Portrait by Malick Sidibé (March 1971) from the new book Malick Sidibé: The Portrait of Mali (Skira)
“Sidibé’s photographs cover the period of the early1960s through the 1980s, making these volumes a discourse on the continuity of people, photography, and portraiture created in Mali from colonialism to revolution to dictatorship. Democracy was finally established, but that was after these photographs were taken, so what we are looking at is people living in the shadows and aftermath of French occupation.

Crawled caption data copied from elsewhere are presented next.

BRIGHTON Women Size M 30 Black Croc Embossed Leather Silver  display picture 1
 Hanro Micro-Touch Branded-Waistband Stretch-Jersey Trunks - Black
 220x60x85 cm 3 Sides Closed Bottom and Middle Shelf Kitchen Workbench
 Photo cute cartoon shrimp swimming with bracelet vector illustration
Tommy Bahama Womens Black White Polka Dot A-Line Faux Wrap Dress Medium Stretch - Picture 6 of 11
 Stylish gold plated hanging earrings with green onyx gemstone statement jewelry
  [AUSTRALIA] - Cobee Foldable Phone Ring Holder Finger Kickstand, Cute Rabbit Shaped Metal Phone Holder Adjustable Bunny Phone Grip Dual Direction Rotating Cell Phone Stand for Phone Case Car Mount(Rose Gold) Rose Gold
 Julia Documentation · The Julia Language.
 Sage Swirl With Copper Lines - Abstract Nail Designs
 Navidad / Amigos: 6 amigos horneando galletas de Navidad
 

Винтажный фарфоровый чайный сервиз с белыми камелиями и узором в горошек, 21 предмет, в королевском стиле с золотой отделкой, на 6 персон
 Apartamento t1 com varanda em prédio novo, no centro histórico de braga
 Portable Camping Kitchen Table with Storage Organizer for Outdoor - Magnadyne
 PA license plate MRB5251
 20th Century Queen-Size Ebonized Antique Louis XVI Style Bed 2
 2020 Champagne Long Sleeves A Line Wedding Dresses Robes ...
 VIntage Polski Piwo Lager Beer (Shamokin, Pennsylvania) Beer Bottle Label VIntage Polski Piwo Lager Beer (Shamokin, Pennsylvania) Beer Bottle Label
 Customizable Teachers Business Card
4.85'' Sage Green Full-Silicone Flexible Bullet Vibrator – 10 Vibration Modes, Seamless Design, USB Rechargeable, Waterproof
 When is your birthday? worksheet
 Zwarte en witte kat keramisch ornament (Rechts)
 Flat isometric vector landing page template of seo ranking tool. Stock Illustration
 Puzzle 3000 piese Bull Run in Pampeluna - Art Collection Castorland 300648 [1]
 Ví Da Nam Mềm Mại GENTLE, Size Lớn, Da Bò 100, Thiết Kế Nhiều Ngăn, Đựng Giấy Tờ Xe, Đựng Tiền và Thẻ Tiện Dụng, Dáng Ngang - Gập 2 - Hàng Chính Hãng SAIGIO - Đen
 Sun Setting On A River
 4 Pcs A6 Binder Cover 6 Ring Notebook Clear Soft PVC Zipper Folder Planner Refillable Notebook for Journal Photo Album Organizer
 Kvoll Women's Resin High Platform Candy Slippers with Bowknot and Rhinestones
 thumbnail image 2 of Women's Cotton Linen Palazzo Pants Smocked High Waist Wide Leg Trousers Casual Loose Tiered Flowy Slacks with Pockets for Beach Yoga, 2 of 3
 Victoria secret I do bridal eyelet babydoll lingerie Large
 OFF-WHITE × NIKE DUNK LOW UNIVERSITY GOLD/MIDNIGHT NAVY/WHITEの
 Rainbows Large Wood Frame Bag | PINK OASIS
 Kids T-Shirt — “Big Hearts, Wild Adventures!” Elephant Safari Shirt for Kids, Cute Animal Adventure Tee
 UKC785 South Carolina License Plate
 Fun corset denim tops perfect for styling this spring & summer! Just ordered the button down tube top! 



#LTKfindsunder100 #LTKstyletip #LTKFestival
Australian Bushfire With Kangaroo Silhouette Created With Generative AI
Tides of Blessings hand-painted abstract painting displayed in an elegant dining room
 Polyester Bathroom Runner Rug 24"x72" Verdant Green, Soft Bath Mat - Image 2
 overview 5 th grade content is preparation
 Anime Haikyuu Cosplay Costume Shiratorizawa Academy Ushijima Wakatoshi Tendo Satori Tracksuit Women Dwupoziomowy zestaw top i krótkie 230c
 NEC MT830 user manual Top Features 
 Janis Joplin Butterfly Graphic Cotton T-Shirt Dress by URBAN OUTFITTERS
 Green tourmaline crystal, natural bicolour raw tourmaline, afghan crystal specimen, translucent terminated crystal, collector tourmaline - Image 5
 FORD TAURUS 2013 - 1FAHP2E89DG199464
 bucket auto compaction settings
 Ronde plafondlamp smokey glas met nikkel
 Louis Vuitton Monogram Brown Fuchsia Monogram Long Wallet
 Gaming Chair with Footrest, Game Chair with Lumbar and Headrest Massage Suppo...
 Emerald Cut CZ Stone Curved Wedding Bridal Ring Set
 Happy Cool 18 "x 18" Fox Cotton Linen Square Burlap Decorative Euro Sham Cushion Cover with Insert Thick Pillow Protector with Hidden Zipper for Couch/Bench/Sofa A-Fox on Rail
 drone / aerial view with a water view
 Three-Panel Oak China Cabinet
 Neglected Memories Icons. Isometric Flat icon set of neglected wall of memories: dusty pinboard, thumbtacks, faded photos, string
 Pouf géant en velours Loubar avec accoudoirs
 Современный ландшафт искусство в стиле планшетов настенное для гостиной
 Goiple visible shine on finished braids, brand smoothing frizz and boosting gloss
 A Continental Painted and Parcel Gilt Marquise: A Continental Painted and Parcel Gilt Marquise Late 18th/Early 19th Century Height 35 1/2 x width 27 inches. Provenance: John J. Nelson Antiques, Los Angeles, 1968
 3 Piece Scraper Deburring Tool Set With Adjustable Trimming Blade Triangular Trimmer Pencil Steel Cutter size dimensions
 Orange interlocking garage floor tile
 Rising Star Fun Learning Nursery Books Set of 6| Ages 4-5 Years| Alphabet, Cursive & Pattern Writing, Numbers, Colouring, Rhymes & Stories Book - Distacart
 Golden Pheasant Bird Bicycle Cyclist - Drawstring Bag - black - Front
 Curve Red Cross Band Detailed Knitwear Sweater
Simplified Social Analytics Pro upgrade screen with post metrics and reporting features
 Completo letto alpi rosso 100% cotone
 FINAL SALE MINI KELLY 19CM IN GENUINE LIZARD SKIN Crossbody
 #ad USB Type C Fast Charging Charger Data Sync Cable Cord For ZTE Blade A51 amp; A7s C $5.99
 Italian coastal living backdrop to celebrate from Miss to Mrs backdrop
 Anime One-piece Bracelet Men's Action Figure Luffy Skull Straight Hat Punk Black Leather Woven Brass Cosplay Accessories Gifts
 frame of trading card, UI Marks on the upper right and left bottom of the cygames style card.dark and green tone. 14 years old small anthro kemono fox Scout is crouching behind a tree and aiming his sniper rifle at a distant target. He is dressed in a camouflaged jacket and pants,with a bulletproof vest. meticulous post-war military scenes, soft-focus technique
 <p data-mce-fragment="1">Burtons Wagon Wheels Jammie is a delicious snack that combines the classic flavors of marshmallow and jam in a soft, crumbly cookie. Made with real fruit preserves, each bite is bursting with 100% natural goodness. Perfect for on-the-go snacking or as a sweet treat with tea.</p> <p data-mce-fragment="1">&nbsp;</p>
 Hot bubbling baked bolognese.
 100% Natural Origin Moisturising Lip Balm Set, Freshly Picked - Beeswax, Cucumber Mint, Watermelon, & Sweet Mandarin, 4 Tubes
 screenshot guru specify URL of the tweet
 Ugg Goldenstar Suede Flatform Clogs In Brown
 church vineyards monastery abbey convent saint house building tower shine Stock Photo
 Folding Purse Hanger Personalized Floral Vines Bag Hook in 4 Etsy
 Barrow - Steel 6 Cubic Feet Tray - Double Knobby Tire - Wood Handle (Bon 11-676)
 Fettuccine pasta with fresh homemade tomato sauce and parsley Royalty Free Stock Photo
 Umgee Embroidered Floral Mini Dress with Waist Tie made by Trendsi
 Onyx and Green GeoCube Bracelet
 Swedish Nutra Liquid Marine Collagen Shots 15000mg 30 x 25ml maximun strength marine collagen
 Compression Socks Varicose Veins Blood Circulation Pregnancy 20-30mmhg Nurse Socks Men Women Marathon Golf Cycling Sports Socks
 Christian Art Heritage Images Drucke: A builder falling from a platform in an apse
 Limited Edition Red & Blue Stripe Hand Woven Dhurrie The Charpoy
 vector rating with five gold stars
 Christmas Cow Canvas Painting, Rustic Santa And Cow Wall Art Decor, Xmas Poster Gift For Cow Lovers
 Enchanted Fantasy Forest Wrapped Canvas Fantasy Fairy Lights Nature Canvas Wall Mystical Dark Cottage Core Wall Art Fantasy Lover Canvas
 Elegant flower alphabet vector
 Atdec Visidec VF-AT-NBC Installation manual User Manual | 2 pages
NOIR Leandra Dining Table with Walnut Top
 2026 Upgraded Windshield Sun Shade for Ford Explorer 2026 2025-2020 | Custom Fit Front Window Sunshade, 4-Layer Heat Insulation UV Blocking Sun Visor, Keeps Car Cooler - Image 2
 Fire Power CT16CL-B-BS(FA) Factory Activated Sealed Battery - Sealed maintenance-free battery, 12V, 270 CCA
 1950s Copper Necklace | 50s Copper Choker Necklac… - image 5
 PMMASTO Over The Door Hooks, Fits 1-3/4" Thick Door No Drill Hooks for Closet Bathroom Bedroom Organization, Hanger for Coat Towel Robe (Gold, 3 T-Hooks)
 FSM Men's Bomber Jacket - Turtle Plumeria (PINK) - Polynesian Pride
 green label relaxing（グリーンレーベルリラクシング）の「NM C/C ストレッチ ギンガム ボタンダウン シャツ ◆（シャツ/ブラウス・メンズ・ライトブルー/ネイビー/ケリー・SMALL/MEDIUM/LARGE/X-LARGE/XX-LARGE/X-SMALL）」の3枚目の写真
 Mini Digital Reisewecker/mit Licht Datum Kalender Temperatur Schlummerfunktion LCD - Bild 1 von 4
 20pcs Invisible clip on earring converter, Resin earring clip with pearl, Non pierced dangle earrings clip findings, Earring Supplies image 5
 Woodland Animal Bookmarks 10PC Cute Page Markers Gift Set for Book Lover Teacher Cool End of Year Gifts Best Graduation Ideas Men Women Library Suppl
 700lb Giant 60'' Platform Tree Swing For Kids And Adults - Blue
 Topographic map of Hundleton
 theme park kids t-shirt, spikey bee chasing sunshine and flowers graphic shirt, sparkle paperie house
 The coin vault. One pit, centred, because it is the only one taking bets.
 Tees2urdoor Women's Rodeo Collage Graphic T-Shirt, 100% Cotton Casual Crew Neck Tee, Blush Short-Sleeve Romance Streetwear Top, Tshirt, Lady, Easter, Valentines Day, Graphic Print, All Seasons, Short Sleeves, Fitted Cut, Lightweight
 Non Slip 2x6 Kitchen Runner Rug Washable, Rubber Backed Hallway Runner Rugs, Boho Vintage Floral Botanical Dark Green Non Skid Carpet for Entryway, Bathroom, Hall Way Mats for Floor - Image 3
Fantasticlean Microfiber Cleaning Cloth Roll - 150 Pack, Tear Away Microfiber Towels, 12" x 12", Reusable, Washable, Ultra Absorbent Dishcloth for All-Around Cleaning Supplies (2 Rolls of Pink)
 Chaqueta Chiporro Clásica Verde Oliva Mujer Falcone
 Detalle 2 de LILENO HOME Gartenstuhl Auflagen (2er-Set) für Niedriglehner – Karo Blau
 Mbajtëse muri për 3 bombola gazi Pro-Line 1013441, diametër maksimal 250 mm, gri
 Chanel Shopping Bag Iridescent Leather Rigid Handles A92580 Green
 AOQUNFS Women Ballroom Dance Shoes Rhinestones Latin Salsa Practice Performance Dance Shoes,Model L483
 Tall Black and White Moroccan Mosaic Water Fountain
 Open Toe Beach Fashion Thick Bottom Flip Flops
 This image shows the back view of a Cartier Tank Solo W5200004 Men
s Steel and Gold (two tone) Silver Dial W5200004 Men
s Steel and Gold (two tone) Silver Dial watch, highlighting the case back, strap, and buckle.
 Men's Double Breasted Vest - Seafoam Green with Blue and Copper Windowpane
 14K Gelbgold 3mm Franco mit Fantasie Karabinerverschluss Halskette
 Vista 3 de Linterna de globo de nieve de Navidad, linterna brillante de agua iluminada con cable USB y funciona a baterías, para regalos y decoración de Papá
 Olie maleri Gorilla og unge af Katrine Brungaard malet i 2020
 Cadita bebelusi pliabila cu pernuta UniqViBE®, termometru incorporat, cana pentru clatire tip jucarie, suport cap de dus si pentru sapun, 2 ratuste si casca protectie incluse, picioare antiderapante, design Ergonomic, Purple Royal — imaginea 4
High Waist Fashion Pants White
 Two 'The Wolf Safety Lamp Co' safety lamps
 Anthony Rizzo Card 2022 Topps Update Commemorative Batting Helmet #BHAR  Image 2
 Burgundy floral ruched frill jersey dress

…a paperback book that offers us a look both inside and outside the photographer’s studio. Sidibé’s work is taken after colonial occupation ended and we see the people of Bamako creating themselves as in a new world. It is a space where traditions of the past meet the opportunities of the present, where one can create themselves in the space between. Sidibé’s portraits have an emotional intensity that can only be ascribed to the space in between the photographer and the subject, that one moment in time where eyes connected and energy was shared, and the spirit of life is forever caught on silver gelatin paper.
In going outside the studio, Malick Sidibé: The Portrait of Mali shows us a larger world, an environment and a context into which these people appear. We see Mali through the eyes of one of its citizens, and the Mali he knows is not the Mali that is reported to the world. This is a place of power and beauty and style, and though it may be among the poorest nations in the world, you cannot put a price on pride.”